El consumo de azúcar se ha convertido en un importante problema de salud, ya que se ha relacionado con la creciente prevalencia de enfermedades como la obesidad, el cáncer y la diabetes. Es muy importante controlar el consumo de azúcar con regularidad desde una edad temprana. La Organización Mundial de la Salud tiene recomendaciones específicas para el consumo de azúcar en los bebés, y como padres y cuidadores es fundamental conocer estas directrices.
¿Qué es la OMS?
La Organización Mundial de la Salud es una agencia de las Naciones Unidas cuyo objetivo es mejorar la salud y el bienestar globales de todas las personas del mundo. La organización proporciona información, asesoramiento y directrices sobre diversas áreas de la salud, incluido el bienestar azucarero de los bebés.
¿Qué son los bebés?
Los bebés, que a menudo se definen como niños de 0 a 12 meses, corren un riesgo especial de sufrir los posibles efectos perjudiciales del azúcar añadido en su dieta. Sus pequeños cuerpos en desarrollo son más susceptibles a los problemas que puede causar el azúcar, como la obesidad infantil, la enfermedad del hígado graso y el síndrome del intestino irritable.
¿Cuál es la recomendación de la OMS sobre el consumo de azúcar en los bebés?
La Organización Mundial de la Salud afirma que los bebés, definidos como niños de 0 a 12 meses, deben estar libres de cualquier azúcar añadido. Esto significa que no deben introducirse en la dieta del bebé bebidas azucaradas, alimentos muy procesados, jarabes ni frutas caramelizadas. El consumo de ciertos alimentos de sabor naturalmente dulce, como las frutas, bastará para aportar los nutrientes necesarios sin añadir azúcares excesivos al sistema.
¿Por qué es importante vigilar el azúcar cuando los bebés están en su primer año?
Cuando un bebé tiene menos de 12 meses, sus órganos aún están en proceso de maduración, sus papilas gustativas se están desarrollando y su sistema digestivo aún no se ha formado por completo. Introducir azúcares añadidos en su dieta afectará muy probablemente a su salud en el futuro. Consumir demasiado azúcar puede provocar sobrepeso u obesidad, que puede ser muy difícil de perder para los bebés a medida que crecen. Esto también puede aumentar el riesgo de diabetes de tipo 2 y otras enfermedades crónicas como el asma y el eczema.

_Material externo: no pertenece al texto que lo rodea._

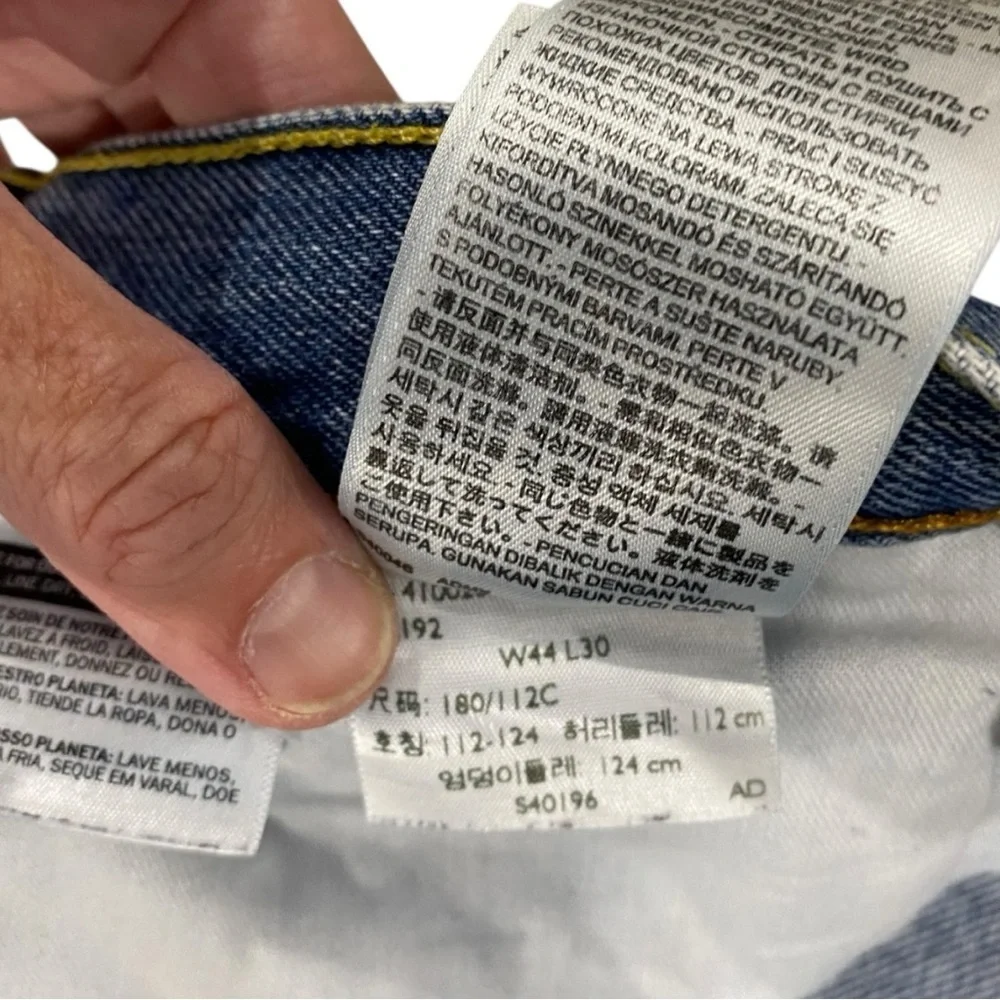 LEVI’S Men’s 560 Relaxed Blue Jeans Classic American Style sz 44 dad Jean baggy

¿Qué pueden hacer los padres y cuidadores para reducir el azúcar añadido en la dieta de su bebé?
Los padres y cuidadores deben centrarse en ofrecer opciones naturales y sin azúcar cuando seleccionen alimentos para sus bebés. Ofrecer purés de frutas y verduras ayudará a satisfacer la necesidad de dulce del bebé, a la vez que le proporcionará los nutrientes necesarios. Los padres y cuidadores también deben prestar atención a las etiquetas de los ingredientes de los alimentos envasados, como las papillas, que a menudo contienen grandes cantidades de azúcares añadidos.
¿Qué ocurre si los bebés consumen grandes cantidades de azúcar añadido involuntariamente?
El organismo del bebé puede volverse insensible al azúcar, por lo que es más probable que desarrolle un apetito insaciable por el azúcar más adelante. Esto puede conducir a un mayor consumo de alimentos ricos en azúcares añadidos, lo que puede afectar negativamente a su salud y bienestar generales.
Pensamientos finales
Es esencial que los padres y cuidadores vigilen más de cerca el consumo de azúcar de su bebé. La Organización Mundial de la Salud aconseja que no haya azúcares añadidos en la dieta del bebé durante el primer año, ya que sus cuerpos en crecimiento y sus sistemas en desarrollo son más susceptibles a los efectos negativos para la salud del consumo de grandes cantidades de azúcar. Ofrecer frutas y verduras naturales es una forma estupenda de aportar nutrientes necesarios sin exponer al bebé a los riesgos para la salud asociados al consumo excesivo de azúcar. Es fundamental, como padres y cuidadores, asegurarse de que la dieta del bebé cumple las recomendaciones de la Organización Mundial de la Salud.